HL: In a lot of your work you embody a specific persona or role. Did you come up with a particular character for JEANS too? Who is she?

MG: She is definitely a supermodel. But I don’t think it’s the farthest stretch to say she is more familiar to me than other characters—but very sexy! I was trying to play an ambiguous model. Someone who is cool enough to be seen in today’s media without referencing one particular supermodel.

HL: You also speak about her as both the product and the consumer.
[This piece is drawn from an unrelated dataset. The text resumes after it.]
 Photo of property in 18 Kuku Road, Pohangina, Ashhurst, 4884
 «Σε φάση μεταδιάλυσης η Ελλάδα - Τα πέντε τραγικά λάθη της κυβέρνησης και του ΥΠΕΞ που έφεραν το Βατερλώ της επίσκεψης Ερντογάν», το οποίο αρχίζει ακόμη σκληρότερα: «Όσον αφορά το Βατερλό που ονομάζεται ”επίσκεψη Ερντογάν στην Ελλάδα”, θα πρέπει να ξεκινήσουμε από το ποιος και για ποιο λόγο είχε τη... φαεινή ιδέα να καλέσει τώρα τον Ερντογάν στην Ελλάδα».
MG: Yes, I am actually referring to myself when I talk about being both the product and consumer.  I am confronting control to have ownership over my body and how it is used as an underrepresented identity—and to have authority over what I’m selling and what the advertisement looks like. I am fully versed in the confrontations that follow the spectacle of my gender. I therefore utilize large public installations such as JEANS as an opportunity to take back my power. It is rare for the media not to use the label of ‘brown, transgender woman’ as buzz words as they project upon me the stereotype of my own exoticism.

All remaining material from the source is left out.